Below is a sample list of what a website can do.

  • Advertising — stand alone or as an extension of other campaigns (radio, tv, press, etc)
  • Announcements
  • Answer common questions for you
  • Art Exhibit — show your art in a public forum
  • Appointments — let folks schedule service calls and/or meetings
  • Biography — inform people about yourself
  • Bookmarks — store your book marks in a public, or semi-private, or private ventue.
  • Branding — increase public awareness and identification of you and/or your service and/or product
  • Build credibility
  • Collaborate with others — on a book project or other venture
  • Community — establish a virtual community to interact with others
  • Consolidate — bring related but desparate content under one roof to highlight the connection.
  • Contact Information
  • Coordinate activities — some of the original flash gatherings were communicated through website.
  • Customer Service
  • Demo tape — let people listen to your music
  • Diary — many blogs are of this exact sort
  • Direct Sales – generate money through direct sales
  • E-Commerce — take credit card information directly
  • Educate — students, customers, friends, family, and potential customers
  • Forum — provide a place for people to meet and talk on a certain issue
  • Gather customers
  • Generate Contacts
  • Globalization — sell outside your area of direct contact
  • Image — enhance company’s image
  • Information — present information such as “Warning Signs of a Stroke”
  • Links — publishing a list of related links
  • Map – provide directions to your location
  • News — deliver news/information on topics
  • Point of Presence — establish an internet presence
  • Portal
  • Position yourself in marketplace
  • Product fact sheets
  • Profile – Give folks an impression/feel for you
  • Prospect for new clients
  • Provide a service
  • Public Relations — offer company information and public impression
  • Publishing — either self-publishing or for others
  • Qualify prospects
  • Referrals — direct folks to distributors and retailers of your product
  • Research
  • Review
  • RFP — request of proposals
  • Sales — a website can support each of the main phases of a sales process.
  • Schedule Events
  • Sell a product
  • Soap Box — websites can provide a place to rant and spew forth with one’s opinions
  • Tell your story
  • Trademark — A website can be used with trademark office to demonstrate useage.
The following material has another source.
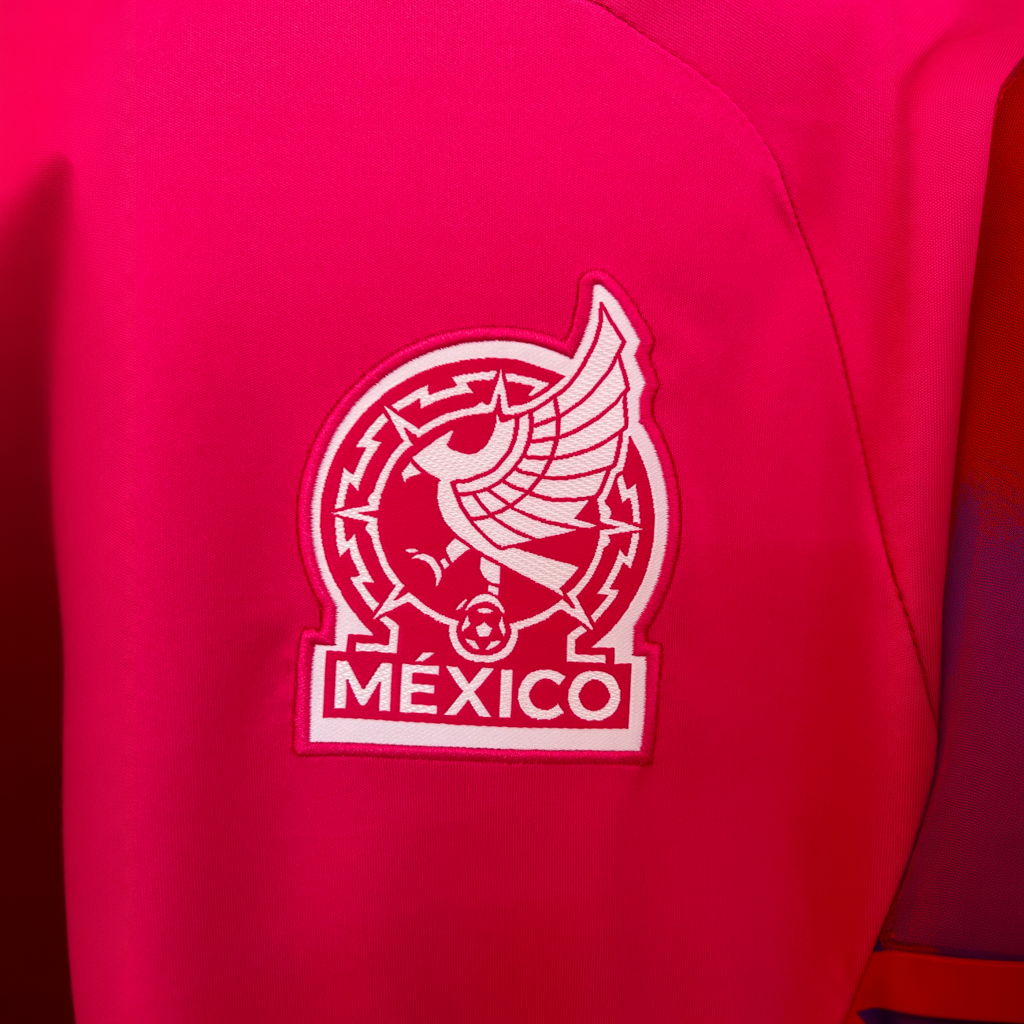 Mexico goalkeeper kit 2026 by ELVN featuring a green jersey, black shorts, and goalkeeper gloves on a sports field.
The above list is fairly complete, yet still a partial list. Every day someone finds a new way to carry what they are doing in life onto the web through one website or another.

Even though we have the above sample list of what a website can do for you, it is still your task to go directly to the source (yourself) and answer the question: “What is it I do?” along with the companion question “Can I get a website to do that for me?”

Your alternative to performing this bit of homework is to let some snake oil salesman dangle promises of what a website can do for you in front of your eyes until there is a “hit”. After which you will find yourself suddenly motivated to get a website to do exactly that.

You should never go grocery shopping hungry. You should never enter into a conversation about getting a website until you know what you would like it to do. A webmaster might know html and css a heck of a lot better than you. But, you know your business.

Come to a meeting with your webmaster as an equal. The way to do that is for you to know your business and what you want. The webmaster has the job of knowing his business. And you have the job of knowing your business.

Given a “wish list” of what you would like your website to do, I could tell you pretty quickly what the cost and projected benefit will be. Armed with this information you will be in a great position to make decisions about how you would like to start your website, and your first milestones of functionality.